_What is expected_
The result should hold only the lines from the one with "bolsos de cuero, carteras" through the final line of the data below, transcribed exactly, pictures left out.

_Provided records_
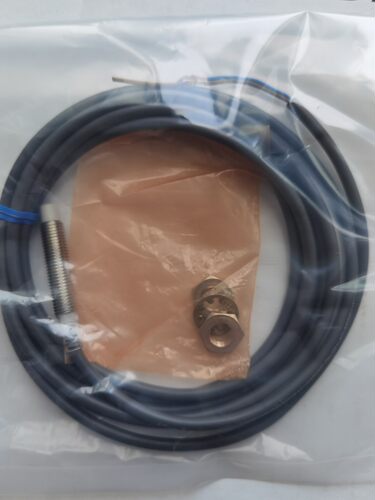 接近开关交流二线常闭872C-A2C8-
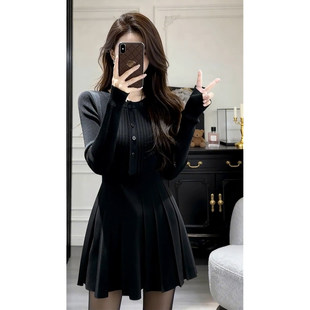 早春小个子黑色法式针织连衣裙子女冬季2026新款气质收腰绝美短裙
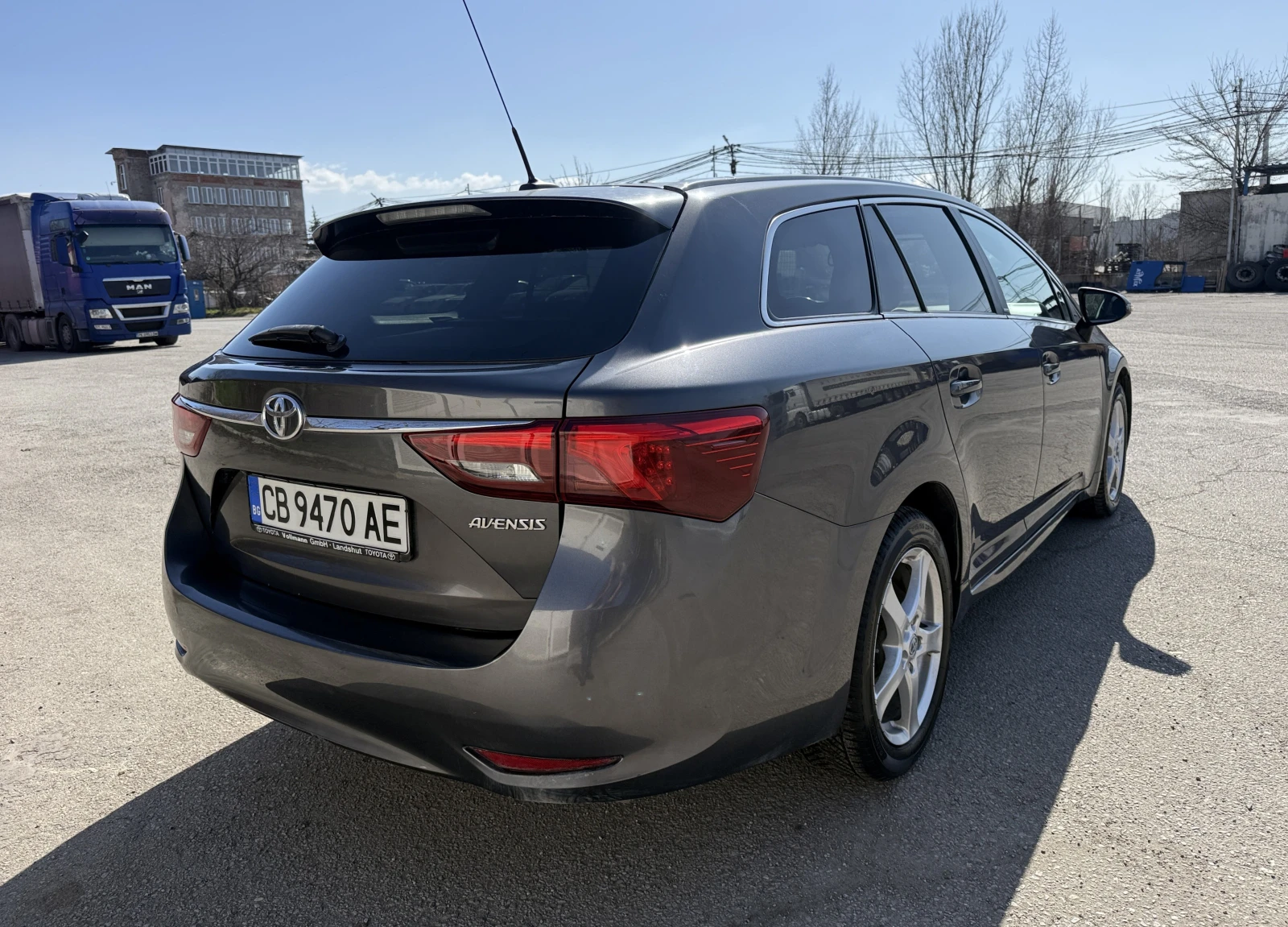 Toyota Avensis 1.6D4D EDITION S, снимка 5 - Автомобили и джипове - 54240539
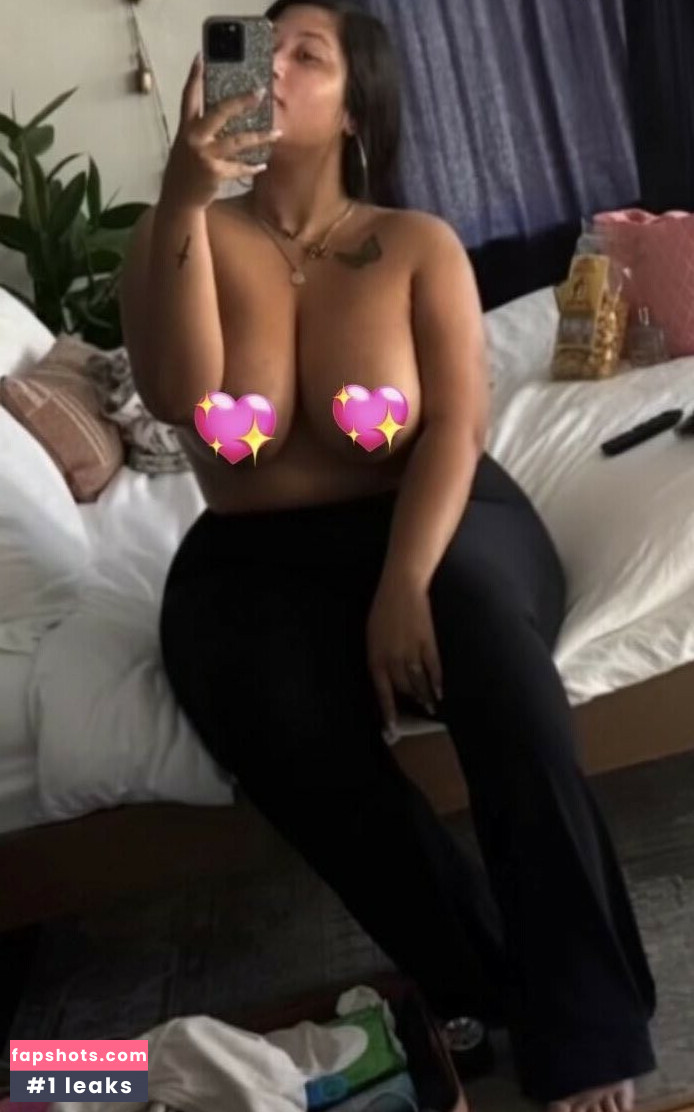 Megan Shaye gallery photo #3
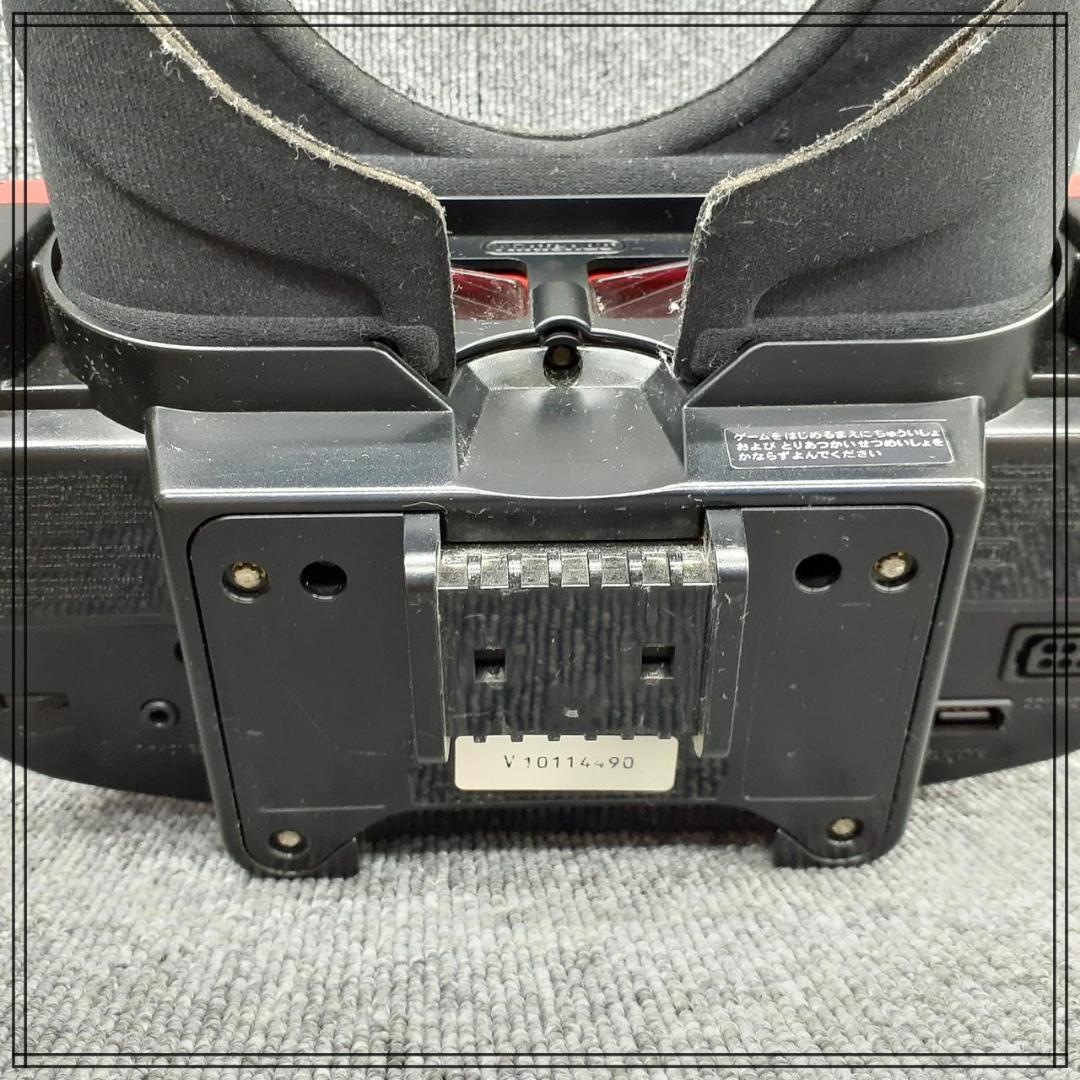Nintendo Virtual Boy 箱、アイシェード付き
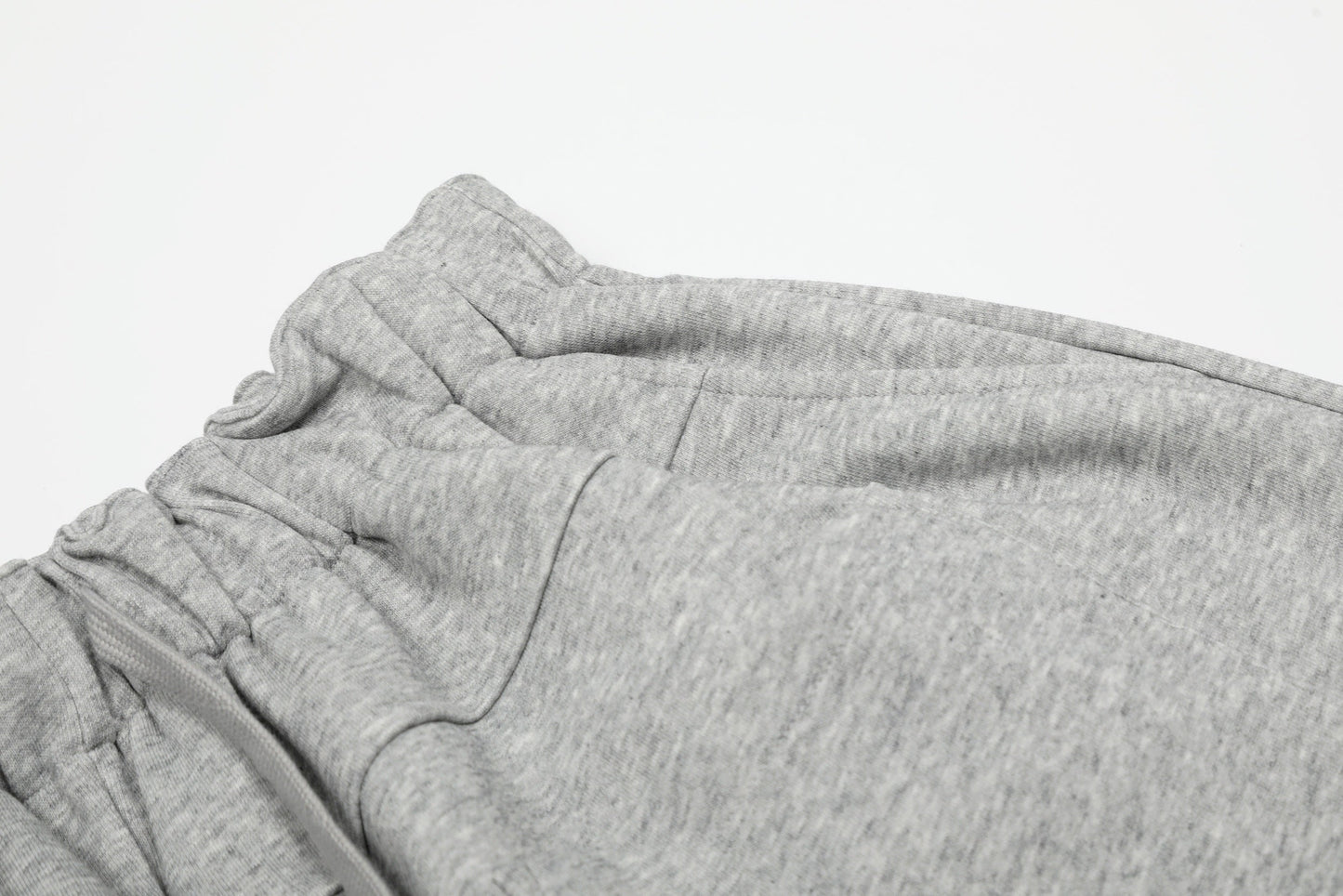 CapCabin “Minimal Lounge Wide Shorts”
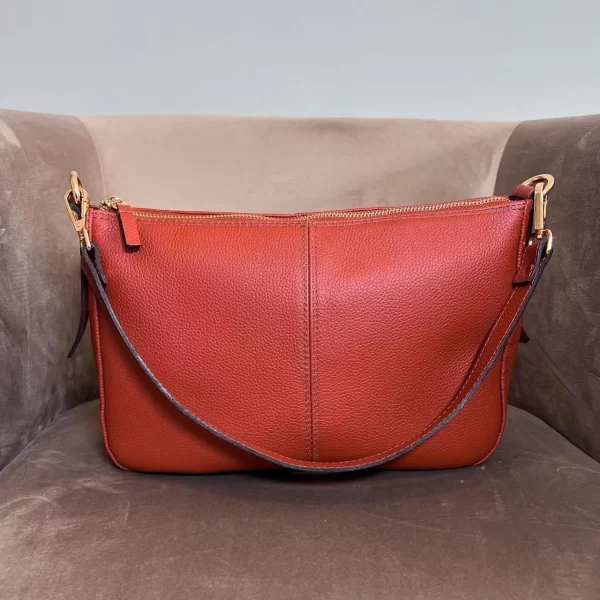 bolsos de cuero, carteras de cuero, accesorios de cuero, cuero vacuno boliviano, bolsos hechos en Bolivia, carteras hechas en Bolivia, moda en cuero, diseño boliviano, bolsos para mujer, carteras para hombre, bolsos elegantes, carteras funcionales, bolsos al hombro, carteras de mano, cuero genuino, artículos de cuero, producción boliviana, calidad duradera, estilo boliviano, regalos corporativos en cuero, bolsos personalizados, carteras con grabado láser, marroquinería boliviana, bolsos de diseño, carteras exclusivas, cuero de alta calidad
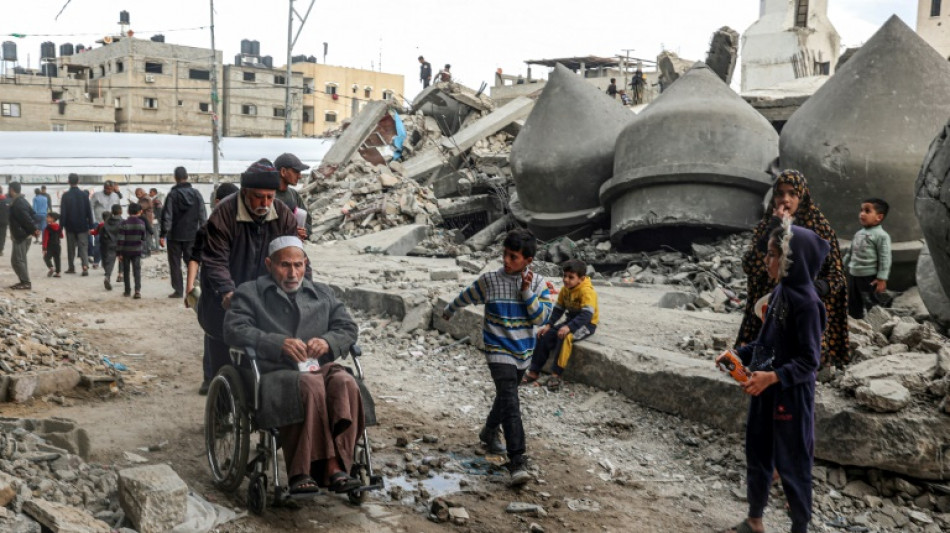 Ex&eacute;rcito israelense anuncia opera&ccedil;&atilde;o em hospital de Gaza; testemunhas relatam bombardeios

_Task result_
 bolsos de cuero, carteras de cuero, accesorios de cuero, cuero vacuno boliviano, bolsos hechos en Bolivia, carteras hechas en Bolivia, moda en cuero, diseño boliviano, bolsos para mujer, carteras para hombre, bolsos elegantes, carteras funcionales, bolsos al hombro, carteras de mano, cuero genuino, artículos de cuero, producción boliviana, calidad duradera, estilo boliviano, regalos corporativos en cuero, bolsos personalizados, carteras con grabado láser, marroquinería boliviana, bolsos de diseño, carteras exclusivas, cuero de alta calidad
 Ex&eacute;rcito israelense anuncia opera&ccedil;&atilde;o em hospital de Gaza; testemunhas relatam bombardeios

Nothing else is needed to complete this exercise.